I'm going to put my chips on "macrobiotic diet."

Pulchritudinous Geordie...
by Thy Goddess

Why divvent wi dee it in the bog?

Okay, okay, Ron, I did say "devil's" advocate, remember?
by Inkberrow

Schrod got me on that jag.

To your response---unable to find the material to continue my deviltry. Fortunately, I can hide behind My Dark Master. Fair enough---you're right, it's premature, it's realpolitik, etc. I was playing devil's advocate not for you or I, however, or what I might call mature, sober-minded Obama supporters generally, but for the Moveon.org crowd, the Kossites, the left-wing equivalents of the Tea Partiers, Town Hallers, and Beckites. Are they happy? Rhetorical question---they're not happy. Better question---are they contented for now and for the foreseeable future?

I would say
by Sawbones

that thus far he appears to be a pragmatic opportunist, in a somewhat more positive sense of the latter word than is usually intended. He skews centrist when the support for more dramatic actions is limited, but when there is agreement or an opening, he will pursue more significant changes in direction.

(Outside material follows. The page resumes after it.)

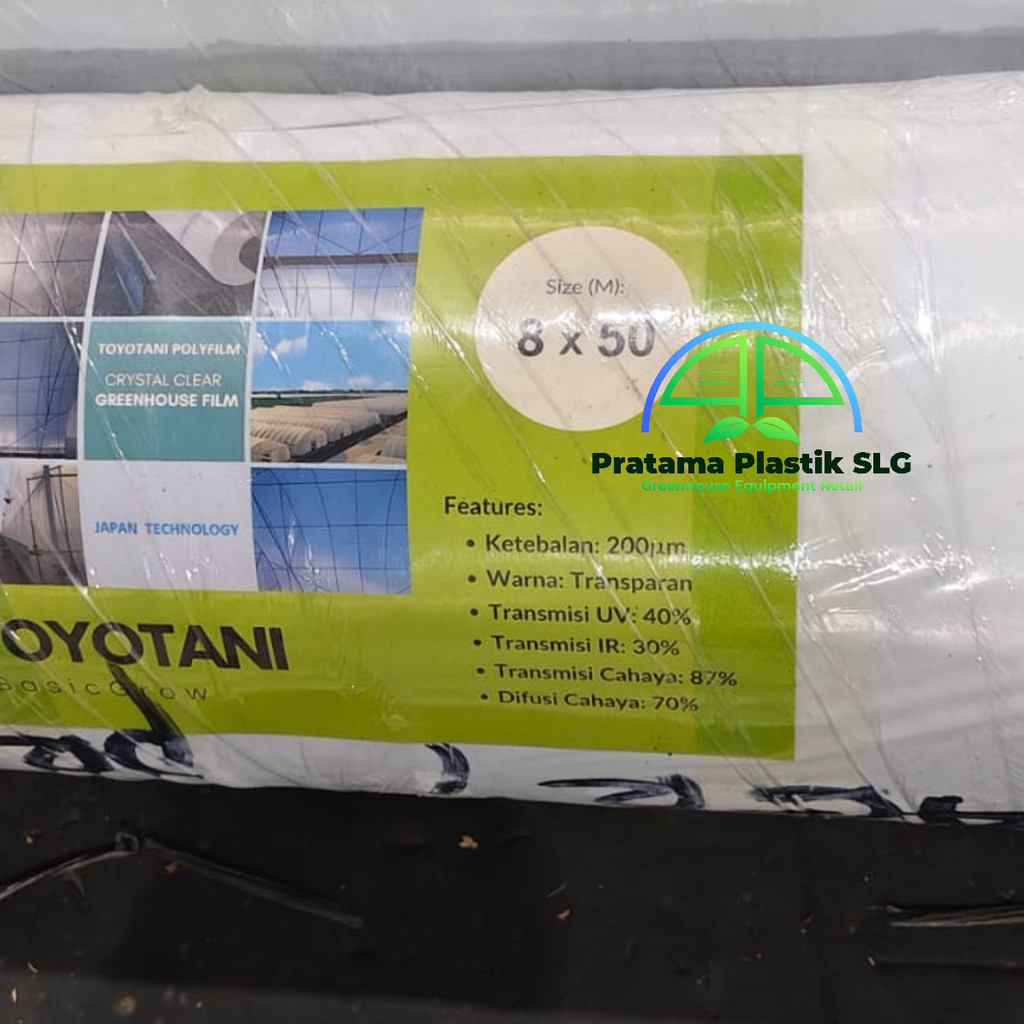 Plastik UV Toyotani Lebar 8 Meter ( Basic)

The health-care plan, unfortunately, is an example - his approach has been that of a centrist. He put out a few general principles, and then left the details up to the congressional sausage-making machine. That's not the modus operandi of any kind of radical revolutionary, but rather the guy who is looking to get the community to agree on better times and methods of garbage pickup. Alas, this kind of tinkering at the edges is not really going to be sufficient to fix the healthcare mess - this is an instance where it would have been nice to have an FDR-style leader, to gradually bring Americans to a willingness to take action they would have considered untenable before.